Arial beranjak meninggalkan ruang kelam, menerobos malam dingin berkabut. Arial tak peduli. Hatinya kini hanya mengusung bara. Lebih dari cukup untuk mendidihkan kebekuan malam. Lebih dari cukup untuk membakar G.
Cemara pun berayun perlahan. Melukiskan sapaan alam dengan lambaian. Perlahan namun memilukan. Hingga langit pun tak kuat menahan haru. Hujan pun jatuh. Menyiram bara api di hati Arial. Kilat menyeringai. Lidahnya seperti hendak menjilat daun pintu yang masih terbuka. Arial gemas pada dirinya yang masih terus dihumbalang kenangan pada G. Dia juga gemas pada perempuan yang seolah-olah terbawa oleh udara dini hari. Perempuan yang seolah-olah dibawa gerimis ke ruang tamu rumahnya. Perempuan yang kini masih meringkuk di sofa sembari menyembunyikan mukanya.

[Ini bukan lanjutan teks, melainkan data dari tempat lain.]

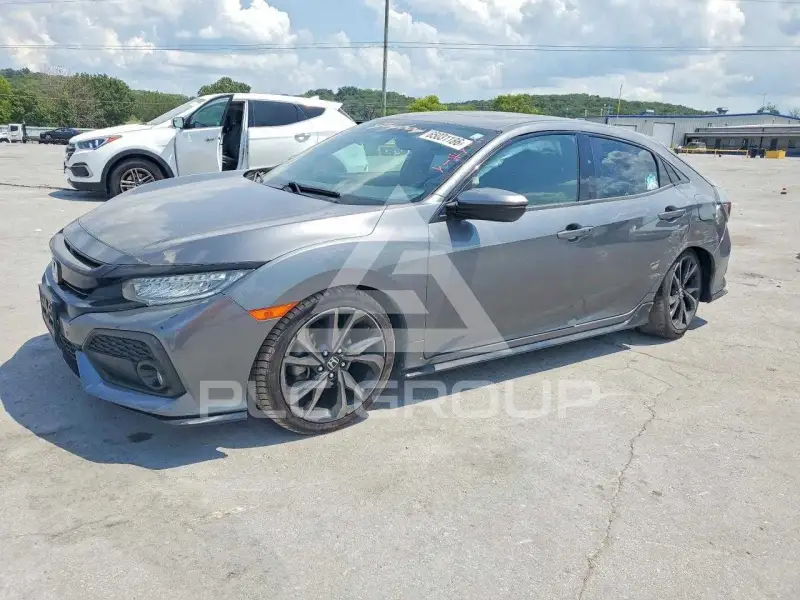 2018 Honda CIVIC фото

Arial menutup pintu ketika sekilatan petir kembali membuat pendar cahaya pucat di hari yang kelam itu. Dia ingin segera saja kembali ke kamarnya, menarik selimut, dan bergulung tidur. Tapi dia masih ragu. Dia takut impian horor tentang G masih akan mendatanginya.
Dalam satu helaan nafas, Arial menepuk lengan perempuan yang masih meringkuk di sofa.
''Aku benci suasana seperti ini. Aku juga tak peduli siapa kau sebenarnya. Tapi aku tak bisa membiarkanmu meringkuk di situ pada hari sejekut ini. Masuklah ke kamarku."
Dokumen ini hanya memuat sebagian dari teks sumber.